ABOUT THIS EXERCISE – Reproduce the listing below as it stands. Leave out each image.

EXERCISE DATA –

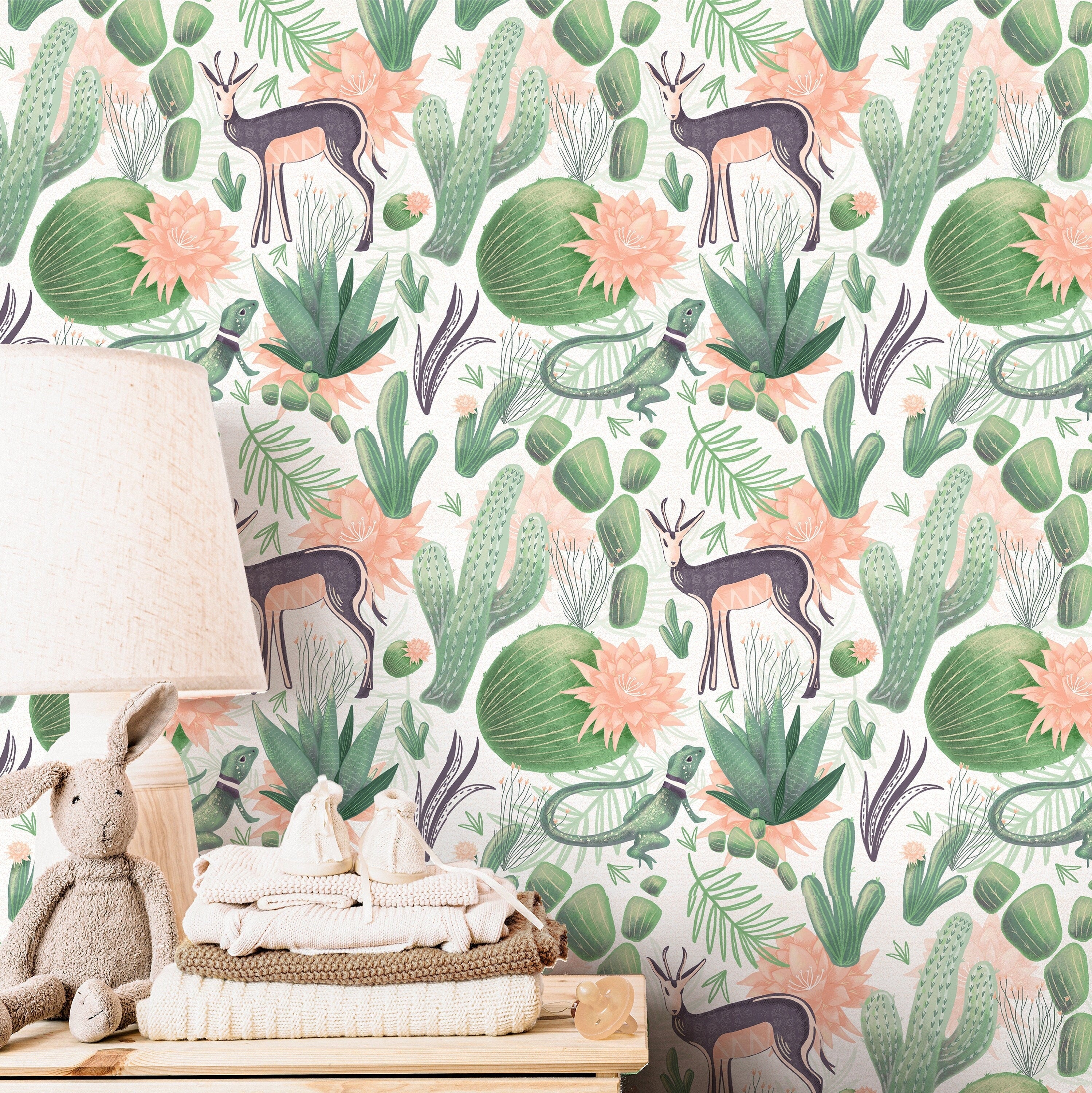 Boho Desert Wallpaper | Girls Nursery Wallpaper | Kids Wallpaper | Childrens Wallpaper | Peel Stick Wallpaper | Removable Wallpaper 3654 - JamesAndColors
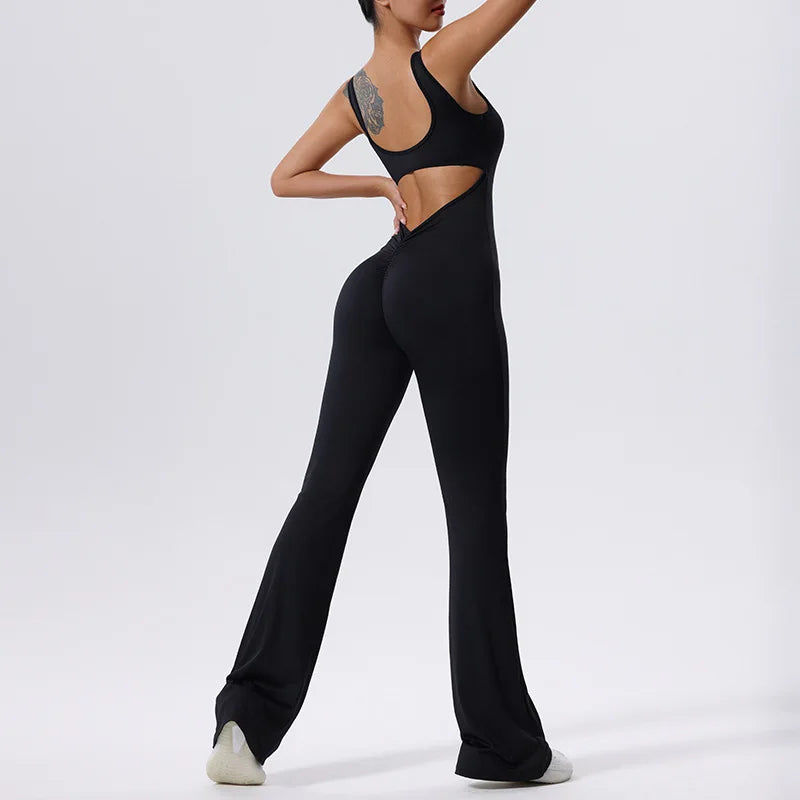 V Back Scrunch Gym Set Women Sport One-Piece Suit Yoga Suit Flared Pants Women Sports Jumpsuit Fitness Rompers Workout Bodysuits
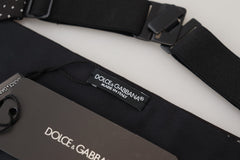 Dolce & Gabbana Schwarzer Herren-Gürtel/Kummerbund mit weitem Bund und Tupfen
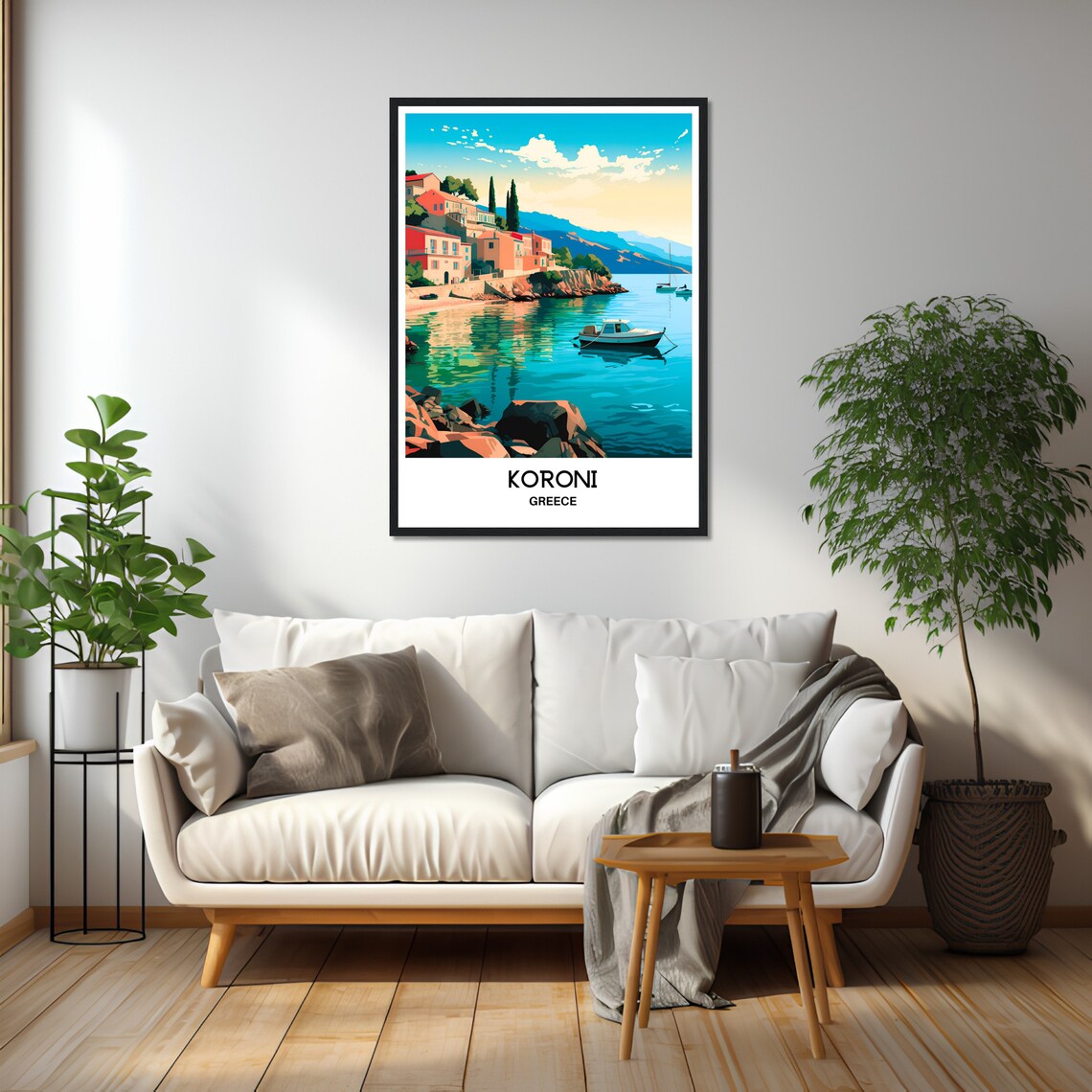 Koroni Greece Seaside Village Turquoise Bay Boats Travel Poster - Image 2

TASK SOLUTION –
 Boho Desert Wallpaper | Girls Nursery Wallpaper | Kids Wallpaper | Childrens Wallpaper | Peel Stick Wallpaper | Removable Wallpaper 3654 - JamesAndColors
 V Back Scrunch Gym Set Women Sport One-Piece Suit Yoga Suit Flared Pants Women Sports Jumpsuit Fitness Rompers Workout Bodysuits
 Dolce & Gabbana Schwarzer Herren-Gürtel/Kummerbund mit weitem Bund und Tupfen
 Koroni Greece Seaside Village Turquoise Bay Boats Travel Poster - Image 2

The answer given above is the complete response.